Prosecutors told the court today they will argue that Pistorius committed premeditated murder when he shot his girlfriend Reeva Steenkamp dead at his luxury home yesterday.
Pistorius faces life in prison if found guilty. He did not enter a plea but a statement issued by his family and London-based agent said the charge was disputed "in the strongest possible terms".
"He (Pistorius) has made it very clear that he would like to send his deepest sympathies to the family of Reeva," the statement said, in the first message attributed to him since his arrest.
Pistorius, a double amputee who became one of the biggest names in world athletics, broke down in tears after being formally charged with the murder this morning.
Dressed in a dark suit, the 26-year-old Olympic and Paralympic superstar stood with head bowed in front of magistrate Desmond Nair to hear the charge of one count of murder read out.
He then started sobbing, covering his face with his hands. "Take it easy. Come take a seat," Judge Nair told him.
The downfall of the track superstar has stunned a nation that reveres "the fastest man on no legs" as a hero who triumphed over adversity to compete with able-bodied athletes at the highest levels of sport.
Steenkamp (30), a model, was found shot dead in his plush Pretoria home in the early hours of yesterday, police said. The Afrikaans-language Beeld newspaper said she had been hit four times, in the head, chest, pelvis and hand.
"The security guards found Pistorius by Steenkamp's body in the bathroom," the paper said on its website, citing a neighbour. "The door had bullet holes right through it."

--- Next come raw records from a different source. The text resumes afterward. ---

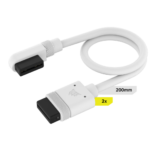 Corsair ICUE Link Cable, 2X 200mm With Straight/Slim 90° Connectors - White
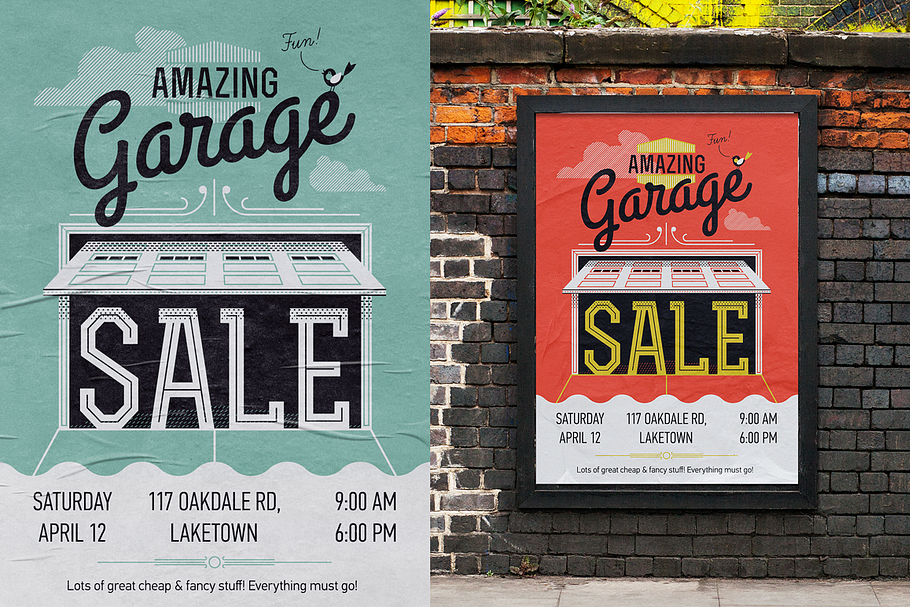 Garage Sale Poster in Illustrations - product preview 8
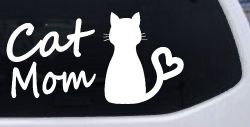 Cat Mom Love Heart Car or Truck Window Decal Sticker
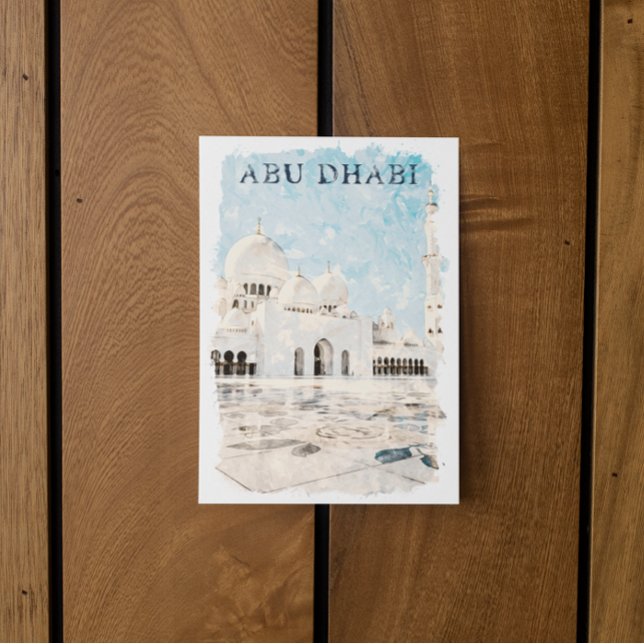 Colourful Abu Dhabi UAE Monument  Postcard (abu dhabi mosque temple postcard)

Police said neighbours had heard noises before the shots and that there had been previous "domestic" incidents at the house.

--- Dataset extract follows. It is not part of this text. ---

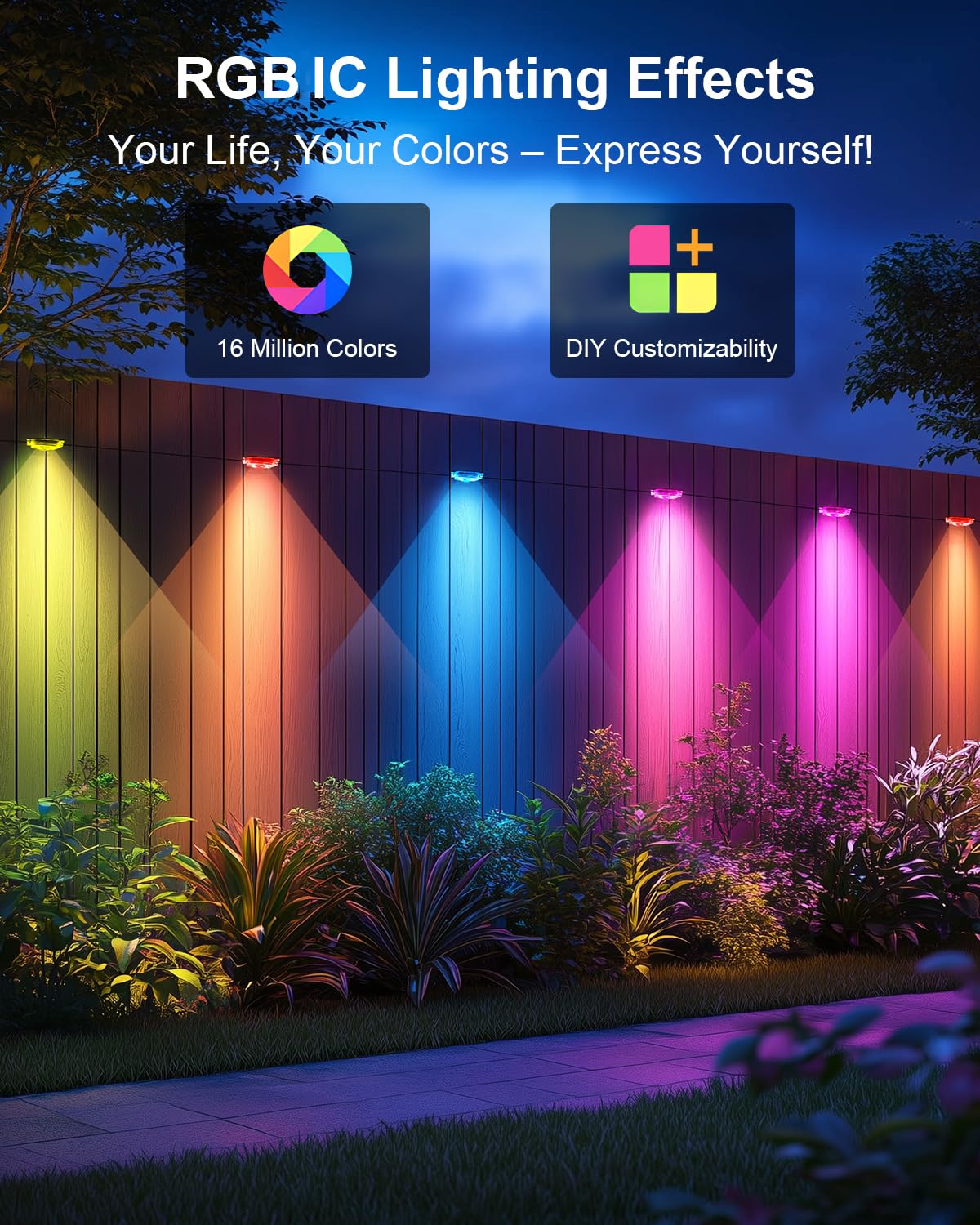 MIMIRGB Outdoor LED Lights, 50ft RGB Smart Eave Light, IP67 Waterproof, Remote/App Control, Black, Model JG-001W-10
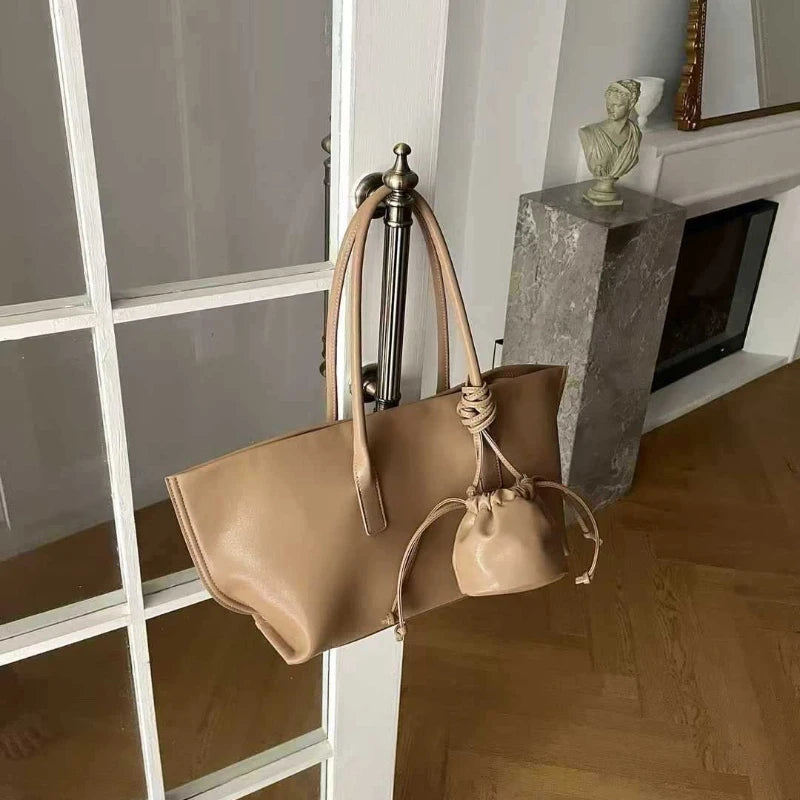 Genuine Leather 3-in-1 Women's Tote Bag – Large Capacity Shoulder Bag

Pistorius was held overnight in a Pretoria police station. This morning he was led, flanked by family members and officers, to a police station wagon to be taken to the capital's central magistrate's court.
The hearing was delayed for two hours as his defence lawyers objected to the scrum of local and international reporters packed into the courtroom.

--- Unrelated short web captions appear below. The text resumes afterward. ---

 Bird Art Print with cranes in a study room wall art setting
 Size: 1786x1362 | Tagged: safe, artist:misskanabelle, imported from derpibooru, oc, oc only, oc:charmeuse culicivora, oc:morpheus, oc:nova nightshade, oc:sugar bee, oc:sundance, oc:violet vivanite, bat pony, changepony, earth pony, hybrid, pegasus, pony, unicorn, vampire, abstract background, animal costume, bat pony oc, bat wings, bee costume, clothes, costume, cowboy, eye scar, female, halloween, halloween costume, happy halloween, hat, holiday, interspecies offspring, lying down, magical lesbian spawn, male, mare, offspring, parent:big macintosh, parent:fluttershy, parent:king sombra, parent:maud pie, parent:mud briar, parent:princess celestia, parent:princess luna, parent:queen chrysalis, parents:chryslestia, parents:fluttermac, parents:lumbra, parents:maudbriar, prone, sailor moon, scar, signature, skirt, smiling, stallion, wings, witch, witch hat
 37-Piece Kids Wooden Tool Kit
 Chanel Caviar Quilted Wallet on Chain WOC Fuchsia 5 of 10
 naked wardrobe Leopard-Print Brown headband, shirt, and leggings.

South African newspapers plastered the killing across their front pages, relegating a state of the nation address by President Jacob Zuma in parliament to a distant second.
The coverage reflected shock and dismay at the fall of a sporting legend who commanded rare respect on all sides of South Africa's racial divides.
"Golden Boy Loses Shine" ran a front page headline in the Sowetan, beside a picture of Pistorius, head bowed in a grey hooded tracksuit being led away from a police station.
Callers to morning radio shows expressed sadness at the death of Steenkamp, who had been due to give a talk at a Johannesburg school this week about violence against women.
There was also widespread disbelief at the fate of a sportsman regarded as a genuinely "good guy".
"How is it possible for one so high to fall so low so quickly?" Talk Radio 702 host John Robbie asked.
A 9mm pistol was recovered from Pistorius's modern two-storey house in the middle of a heavily guarded gated complex in the northern outskirts of the South African capital.
He was held overnight at Pretoria's Boschkop police station after undergoing medical and forensic examinations. "He is doing well, but very emotional," his lawyer, Kenny Oldwage, told SABC TV, but gave no further comment.
South Africa's M-Net cable TV channel immediately pulled adverts featuring Pistorius off air but most of his sponsors, including sports apparel group Nike, said they would not make any decisions until the police investigation was completed.
Pistorius' endorsements and sponsorships, which also include British telecoms firm BT, sunglasses maker Oakley and French designer Thierry Mugler, are thought to be worth as much as $2 million a year.
Pistorius, who was born without a fibula in both legs, was the first double amputee to run in the Olympics and reached the 400-metres semi-finals in London 2012.
In last year's Paralympics he suffered his first loss over 200 metres in nine years. After the race he questioned the legitimacy of Brazilian winner Alan Oliveira's prosthetic blades, but was quick to express regret for the comments.
South Africa has some of the world's highest rates of violent crime, and many homeowners have weapons to defend themselves against intruders, although Pistorius's complex is surrounded by a three-metre high wall and electric fence.
Near the home, people who knew Pistorius recalled a much-loved local hero.
"Some of us were in tears," said Precious, who works at a petrol station where Pistorius used to fill up his McLaren supercar, signing autographs and picking up the tab for people in the convenience store.
"He was just so kind to everyone," said Precious, who declined to give her family name.